Customer Segmentation Using Machine Learning

Project Scope: This project is to understand and go through the process of division of customer base into several groups that share a similarity in a ways relevant to marketing techniques or spending habits.

Customer segmentation can be significantly important for the companies, using customer segmentation companies can aim to dig a deeper approach to give more personalize recommendations to customers.
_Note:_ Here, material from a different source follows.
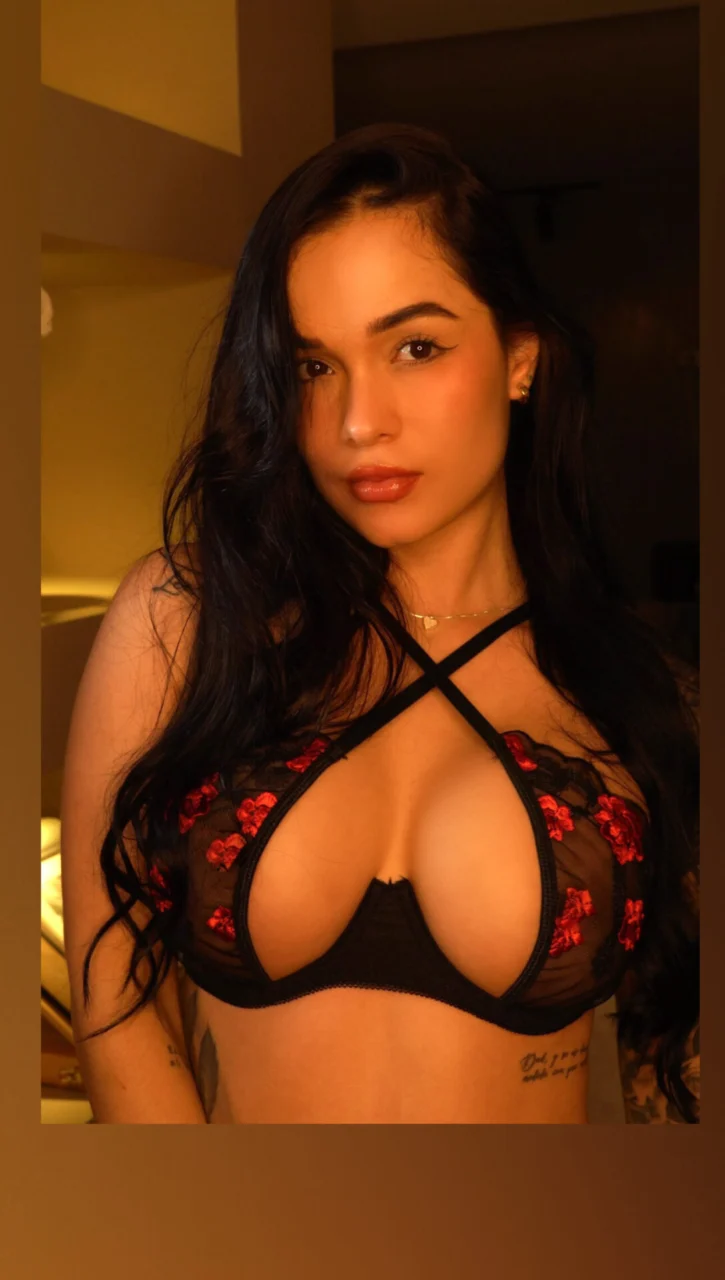 andreaa11g OnlyFans Leaks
Benefits of customer segmentation.
1. Identify least and most profitable aspects of business.
2. Improved marketing plans based on customer needs.
3. Improved customer service.
4. Gain customers loyalty by offering them great deals and discounted prices on the products of their interest.
5. Establish brand identity.

A. Data Exploration.

Customer_segment <- read.csv("C:/data/Customer_segment.csv", header=TRUE) #reading data
str(Customer_segment)

## 'data.frame':    200 obs. of  5 variables:
##  $ CustomerID            : int  1 2 3 4 5 6 7 8 9 10 ...
##  $ Gender                : Factor w/ 2 levels "Female","Male": 2 2 1 1 1 1 1 1 2 1 ...
##  $ Age                   : int  19 21 20 23 31 22 35 23 64 30 ...
##  $ Annual.Income..k..    : int  15 15 16 16 17 17 18 18 19 19 ...
##  $ Spending.Score..1.100.: int  39 81 6 77 40 76 6 94 3 72 ...
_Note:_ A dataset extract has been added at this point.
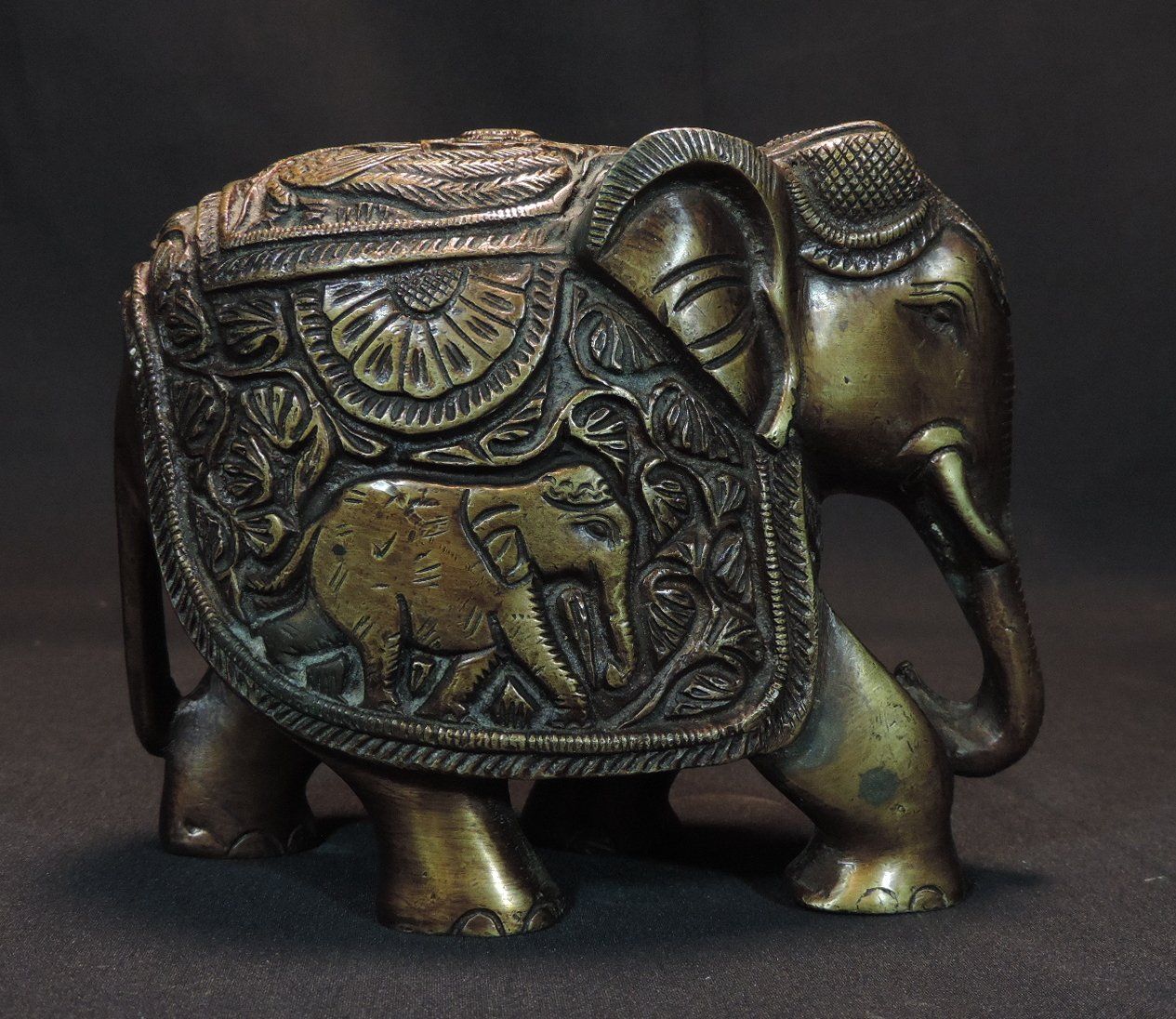 Figuren: massiver, indischer Messing Elefant – Gebraucht aus Duggingen von roterbambus 2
gender_dist = table(Customer_segment$Gender)
barplot(gender_dist, main = "Barplot to display gender comparison",
        ylab = "count",
        xlab="Gender",
        legend=rownames(gender_dist))

hist(Customer_segment$Age,
    col="Red",
    main="Histogram to Show Count of Age ",
    xlab="Age Class",
    ylab="Frequency",
    labels=TRUE)

plot(density(Customer_segment$Annual.Income..k..),
    col="Blue",
    main="Density Plot for Annual Income",
    xlab="Annual Income ",
    ylab="Density")
polygon(density(Customer_segment$Annual.Income..k..),
        col="Blue")

boxplot(Customer_segment$Spending.Score..1.100.,
   horizontal=TRUE,
   col="#990000",
   main="BoxPlot for Descriptive Analysis of Spending Score")

K means clustering algorithm

As the name suggest , it is a clustering algorithm. K - means is one of the most popular Clustering algorithm. NUmber of optimal clusters will be defined by user.
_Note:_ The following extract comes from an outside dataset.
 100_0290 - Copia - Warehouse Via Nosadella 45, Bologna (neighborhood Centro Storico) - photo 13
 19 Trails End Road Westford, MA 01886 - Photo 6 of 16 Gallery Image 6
There are three methods to choose optimal number of customers: 1. Elbow method 2. Silhouette method 3. Gap Statistic.

Elbow method

library(purrr)
set.seed(123)
# function to calculate total intra-cluster sum of square 
iss <- function(k) {
  kmeans(Customer_segment[,3:5],k,iter.max=100,nstart=100,algorithm="Lloyd" )$tot.withinss
}

k.values <- 1:10


iss_values <- map_dbl(k.values, iss)

plot(k.values, iss_values,
    type="b", pch = 19, frame = FALSE, 
    xlab="Number of clusters K",
    ylab="Total intra-clusters sum of squares")

Silhouette method

library(cluster) 
library(gridExtra)
library(grid)


k2<-kmeans(Customer_segment[,3:5],2,iter.max=100,nstart=50,algorithm="Lloyd")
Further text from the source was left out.